Le réalisateur et coscénariste J.J. Abrams a tenu parole. Il est revenu aux fondamentaux de la saga quadragénaire, avec moins d’effets spéciaux numériques, plus d’attention portée aux personnages et la quintessence d’un récit épique - le tout en modernisant les rôles et les genres. Revers de la médaille : à être trop fidèle au film-matrice, le cultissime Episode IV (1977), Abrams en signe un quasi-remake, qui en reproduit un peu trop mécaniquement la structure.

Un robot, un plan, des résistants… et Han Solo

Quelque trente ans après la victoire des Rebelles sur l’Empire, la Nouvelle République est menacée par le Premier Ordre, qui veut rétablir l’ordre impérial. Le dernier Jedi, Luke Skywalker (Mark Hamill) a disparu aux confins de la galaxie, au point qu’on pense qu’il n’est qu’un mythe. La Résistance à l’ordre est emmenée par Leia Organa (Carrie Fisher), sœur de Luke. Han Solo (Harrison Ford) est redevenu un contrebandier. Poe Dameron (Oscar Isaac), meilleur pilote de la Résistance, vient de mettre la main sur une carte permettant de retrouver Luke lorsque l’Ordre attaque le village de la planète Jukka où il se trouvait en mission.

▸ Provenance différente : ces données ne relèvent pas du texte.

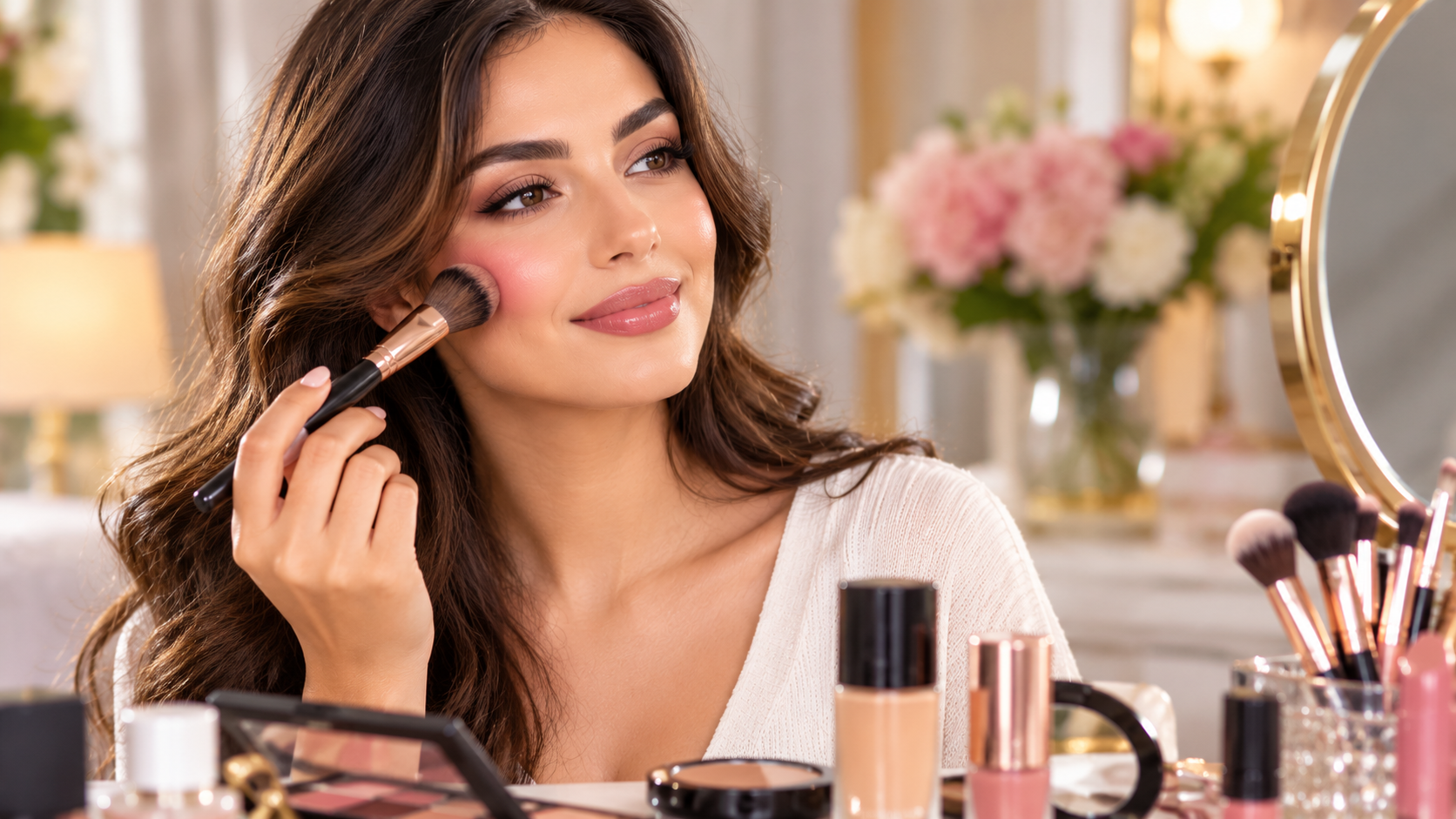 لجمال يدوم لساعات.. نصائح بسيطة لمكياج ثابت وأنيق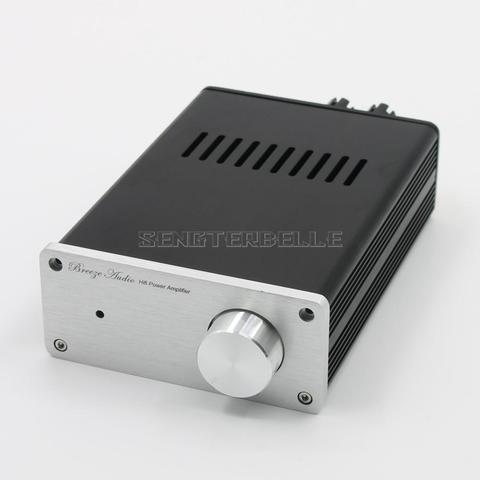 BZ1105 tout en aluminium Mini amplificateur numérique boîtier HiFi Audio bricolage châssis boîtier 116*50*164.5MM ► Photo 1/6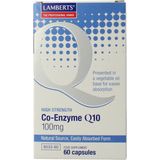 Lamberts Co enzym q10 100 mg 60 capsules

Avant d’être capturé par Kylo Ren (Adam Driver), nouveau bras armé du côté obscur de la Force, Poe confie les plans à son droïde BB-8. Lequel échoue entre les mains d’une jeune pilleuse d’épave, Rey (Daisy Ridley). Aidée par Finn (John Boyega), déserteur de l’Ordre, elle va tenter de ramener BB-8 et les plans à la Résistance…

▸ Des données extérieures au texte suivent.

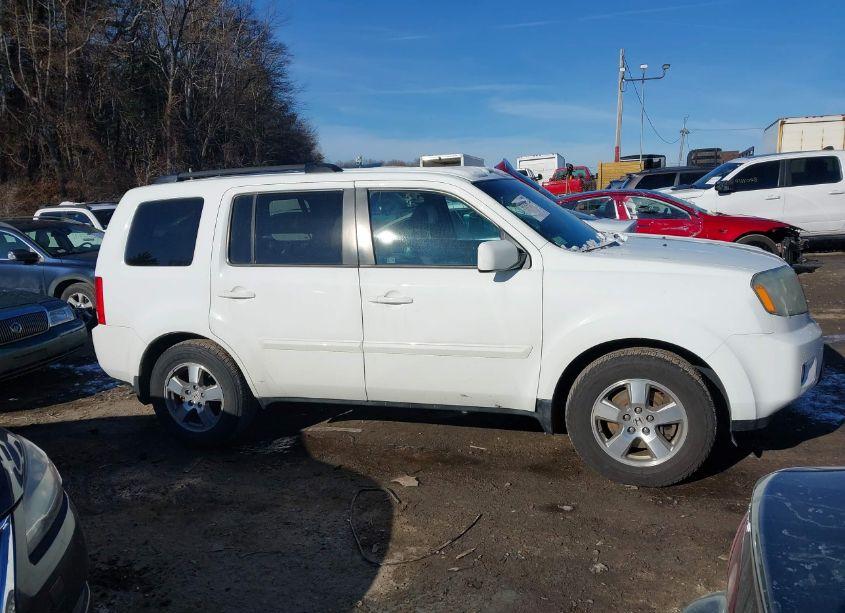 Photo 13 of 2011 Honda Pilot EX-L (VIN 5FNYF4H56BB080305)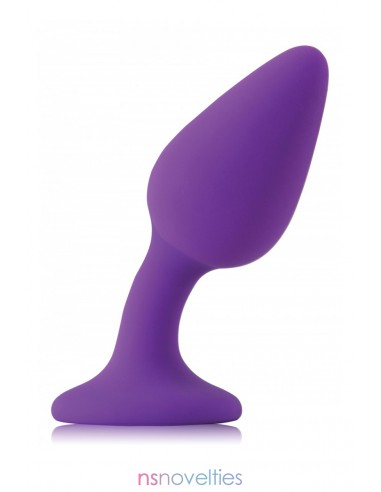 Plug anal en silicone Inya Queen violet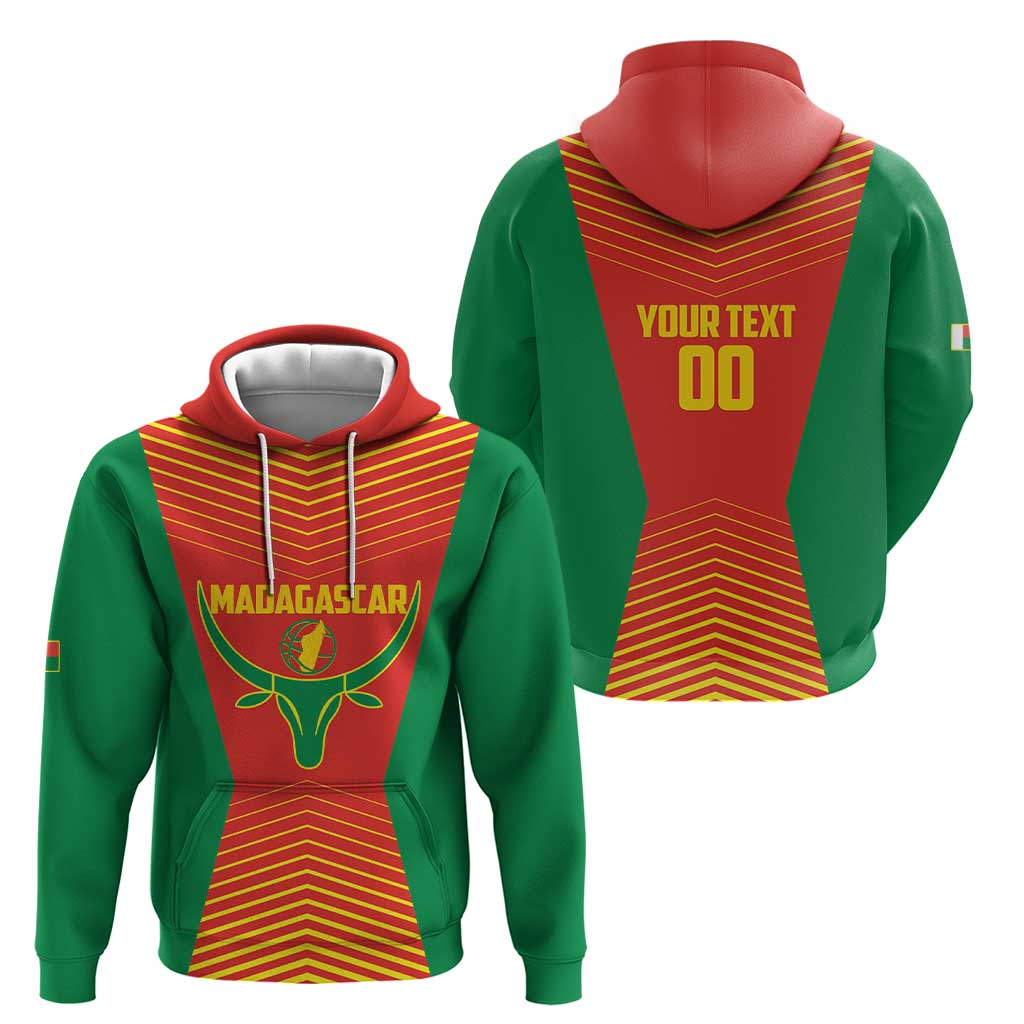 Madagascar Basketball Custom Hoodie Come On Angel Manzano LT14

Tout effet de déjà-vu n’est pas fortuit, donc. Abrams joue avec les codes de la saga et l’imaginaire du public. Par exemple, la très brève apparition de Max von Sydow au début du film, en toge de bure, ressuscite la silhouette d’Obi Wan Kenobi, millésime 1977. On retrouve un désert comme sur Tatooine, un bar digne de la Cantina de Mos Def, une base secrète sur une planète verdoyante ou une nouvelle Etoile de la Mort.

Des pères à tuer

De même, à peine le Millenium Falcon tiré de la casse, le combat aérien qui s’ensuit reproduit la pureté efficace du premier "Star Wars". Située au milieu d’épaves de vaisseaux impériaux, elle porte un sous-texte : Abrams joue dans le champ de ruines laissé par George Lucas, dont il raye ensuite de la carte du ciel le décor des épisodes I à III, la trop virtuelle ville-planète Coruscan. Plus catholique que le Jedi, Abrams préfère les décors réels, le latex et les maquettes au botox numérique qui boursouflait la deuxième trilogie ou le lifting de la première par George Lucas. Tel Vador avec Obi Wan, Abrams tue son père spirituel, qui avait dilapidé l’héritage dans sa préquel de nouveau riche.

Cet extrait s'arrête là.